## YOUR TASK
The required result is an exact copy of the material from the line with "Floral wind spinner" through its final line, both ends included.

## SUPPLIED RECORDS

○ ○ ○ ○

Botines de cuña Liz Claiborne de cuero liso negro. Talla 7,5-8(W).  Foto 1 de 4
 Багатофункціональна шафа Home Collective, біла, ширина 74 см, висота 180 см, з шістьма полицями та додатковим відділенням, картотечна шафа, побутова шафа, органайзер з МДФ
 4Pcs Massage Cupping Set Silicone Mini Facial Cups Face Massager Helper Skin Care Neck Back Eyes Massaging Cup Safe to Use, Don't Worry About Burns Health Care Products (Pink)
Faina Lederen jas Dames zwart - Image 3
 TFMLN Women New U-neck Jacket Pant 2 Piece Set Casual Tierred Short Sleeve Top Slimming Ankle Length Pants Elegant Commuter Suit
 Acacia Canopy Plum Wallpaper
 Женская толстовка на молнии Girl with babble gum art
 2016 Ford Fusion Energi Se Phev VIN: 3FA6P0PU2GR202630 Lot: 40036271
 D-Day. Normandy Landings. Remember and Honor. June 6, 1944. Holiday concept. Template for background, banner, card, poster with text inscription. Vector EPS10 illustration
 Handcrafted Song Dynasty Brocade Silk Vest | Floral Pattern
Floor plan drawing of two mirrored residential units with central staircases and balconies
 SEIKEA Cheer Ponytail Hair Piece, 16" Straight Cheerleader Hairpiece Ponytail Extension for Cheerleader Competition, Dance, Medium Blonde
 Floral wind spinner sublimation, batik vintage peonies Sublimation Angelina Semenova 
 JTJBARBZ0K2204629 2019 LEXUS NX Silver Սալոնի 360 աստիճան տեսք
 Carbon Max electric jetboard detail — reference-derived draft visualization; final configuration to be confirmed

○ ○ ○ ○

## TASK SOLUTION
 Floral wind spinner sublimation, batik vintage peonies Sublimation Angelina Semenova 
 JTJBARBZ0K2204629 2019 LEXUS NX Silver Սալոնի 360 աստիճան տեսք
 Carbon Max electric jetboard detail — reference-derived draft visualization; final configuration to be confirmed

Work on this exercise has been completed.